Students set to return to campus across county
Lancashire’s higher education bosses are planning to bring students back on campus.
Some of the nation’s world-leading universities like Cambridge have ruled out opening up their campus next year but institutions in Preston, Lancaster and Edge Hill say they are already planning how to deal with freshers in the autumn.
Despite their warnings that it will not be business as usua,l they say demand for places is still high, with one recording more applications than ever.
All campuses are currently operating online and formal graduation ceremonies have been put on hold for now.
The University of Central Lancashire, which has campuses in Preston, Burnley and West Lakes, Edge Hill and The Lancaster-based University of Cumbria are all planning a mixture of campus and online lectures.
The news comes as data reveals that a significant number of sixth formers could postpone going to university next year because they won’t get ‘the full experience’ and many fear they won’t get value for money.
A spokesman for UCLan said: “We can assure both returning students and new students that teaching and learning continues in the new academic year at UCLan as we look at a range of options so that we can physically return to our campuses in September.
“Our aim is to provide the best possible student experience whilst ensuring social distancing measures are in place, so we can deliver as much face-to-face teaching where possible with larger group sessions likely to be online.
“Whatever the format is, our key priority is the health and safety of both our students and staff.
“Like many other universities we have also taken the difficult decision to postpone our graduation ceremonies scheduled to take place in July 2020.
“However, planning is underway to deliver graduation ceremonies in December.”
UCLan has a large number of overseas students as well as campuses in China, India and its own private university in Cyprus but said interest has not waned.

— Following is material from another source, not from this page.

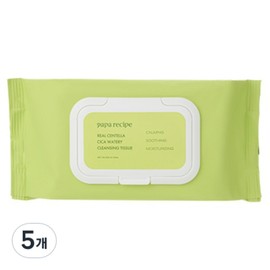 Papa Recipe Real Centella Cica Watery Cleansing Tissue, 5 units, 100 sheets / 파파레서피 리얼 센텔라 시카 워터리 클렌징 티슈, 5개, 100매입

The spokesman added: “Interest from new applicants wanting to join us for the next academic year remains strong both from the UK and Internationally and we will use our resources to provide the best possible experience for all students.”
Edge Hill University is also planning a mixture of remote, online and face-to-face sessions.
A spokesman there said: “We are currently making plans to be able to deliver some safe and responsible face-to-face teaching for all students from the beginning of next term, backed up by high-quality online learning channels, tutor-led with support from our professional services teams.”
“We are still receiving applications and are experiencing higher demand to come to Edge Hill compared to last year.
“We are not experiencing a higher volume of requests for deferral this year and plan to run all our courses in September.
“The health, safety and welfare of our students and staff is our number one priority so we have regrettably taken the decision to postpone the graduation ceremonies scheduled for July 2020.
“We realise this will be a disappointment but we remain committed to ensuring students can celebrate their achievements so ceremonies will take place when it is safe to do so. All assessment for our existing students is currently being taken online and third year students will graduate as normal in July.”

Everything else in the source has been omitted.